Celle: Veranstaltung zur kulturellen Revolution Kolumbiens

In der Veranstaltungsreihe „Internationale Stimmen – Gegen Ausbeutung, Unterdrückung und Krieg” in Celle bekamen die Besucher:innen im Gespräch mit Manuel Borja einen Einblick in die jüngere Geschichte Kolumbiens.

Im niedersächsischen Celle hat am Mittwoch im Verein „Kultur Trif(f)t“ eine Veranstaltung zur kulturellen Revolution Kolumbiens stattgefunden. Es war die zweite der Veranstaltungsreihe „Internationale Stimmen – gegen Ausbeutung, Unterdrückung und Krieg“ des Arbeitskreises Internationalismus.

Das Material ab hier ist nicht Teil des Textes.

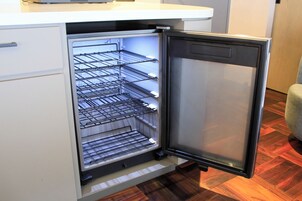 A compact refrigerator with multiple shelves and a freezer compartment, built into a white cabinetry.
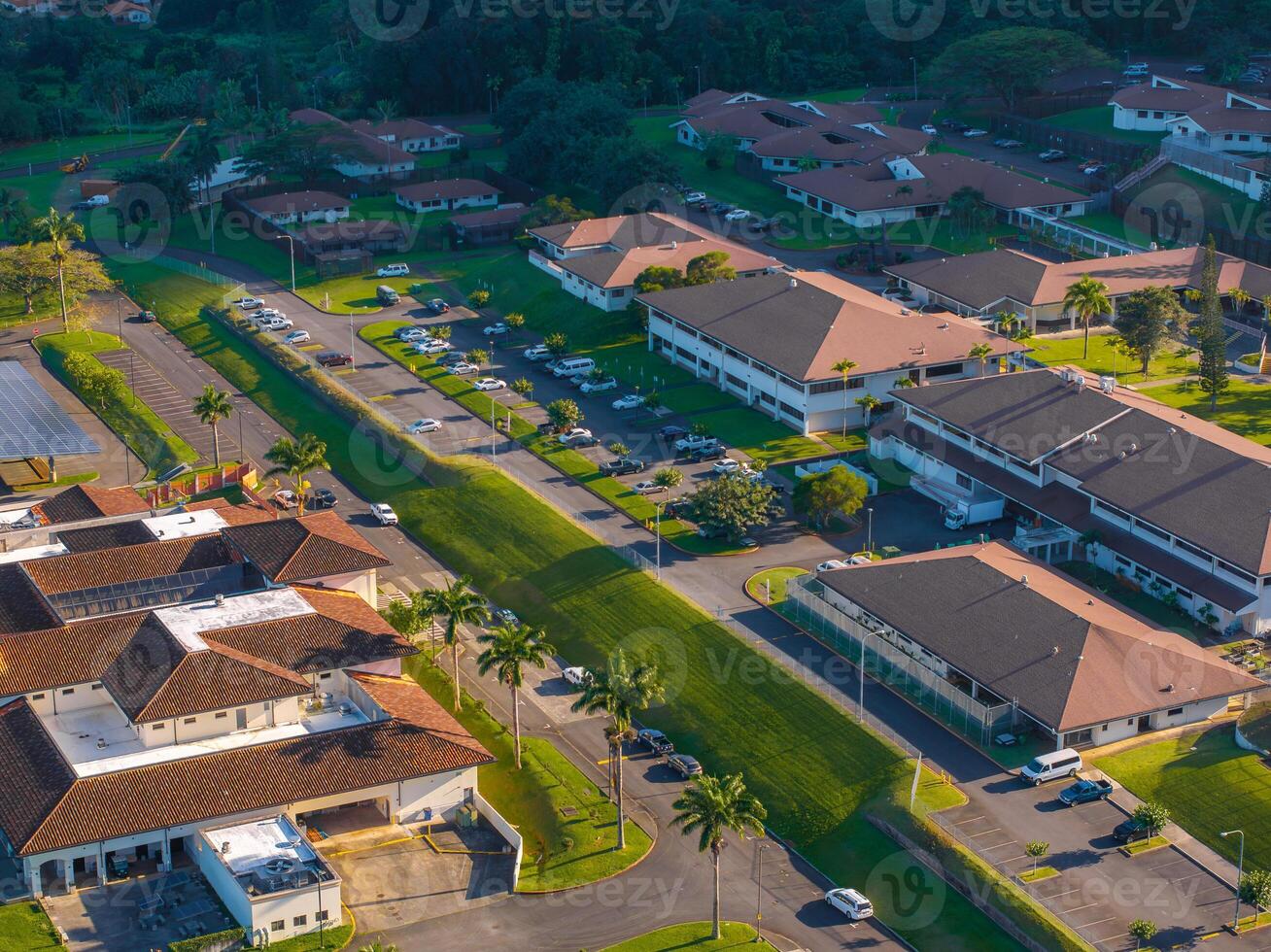 Neatly arranged buildings with red tiled roofs, central road, green spaces, and tropical vegetation on Oahu Island, Hawaii, seen from above. photo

Im gemeinsamen Gespräch mit Manuel Borja, dessen Heimat Kolumbien ist und der seit mehreren Jahren in Celle lebt, bekamen die Besucher:innen einen Einblick in die jüngere Geschichte des Landes, die gesellschaftlichen und politischen Entwicklungen der letzten Jahre und die Bedeutung der aktuellen Regierung.

Große soziale und wirtschaftliche Ungerechtigkeit

Zu Beginn war die schwierige Ausgangssituation in Kolumbien Thema. Denn das Land, in dem 50 Millionen Einwohner:innen auf einer dreifachen Fläche Deutschlands leben, ist geprägt von großer sozialer und wirtschaftlicher Ungerechtigkeit. Aktuelle Probleme sind u.a. die Zerstörung der Artenvielfalt, Landraub und der sogenannte „Krieg gegen die Drogen“.

In den letzten Jahren spitzte sich eine breite gesellschaftliche Bewegung immer mehr zu, um der Gewalt und der Ungerechtigkeit Einhalt zu gebieten. Dabei spielen vor allem indigene, feministische und ökologische Gruppen und Ideen eine große Rolle.

So wurde beispielsweise die Guardia Feminista (feministische Wache) geschaffen, um die Verteidigung gegen Gewalt und sexistische Angriffe sowohl von Sicherheitskräften als auch innerhalb der eigenen Organisationen aufzubauen und Unterstützungsstrukturen für alle Frauen und unterdrückten Geschlechter zu schaffen.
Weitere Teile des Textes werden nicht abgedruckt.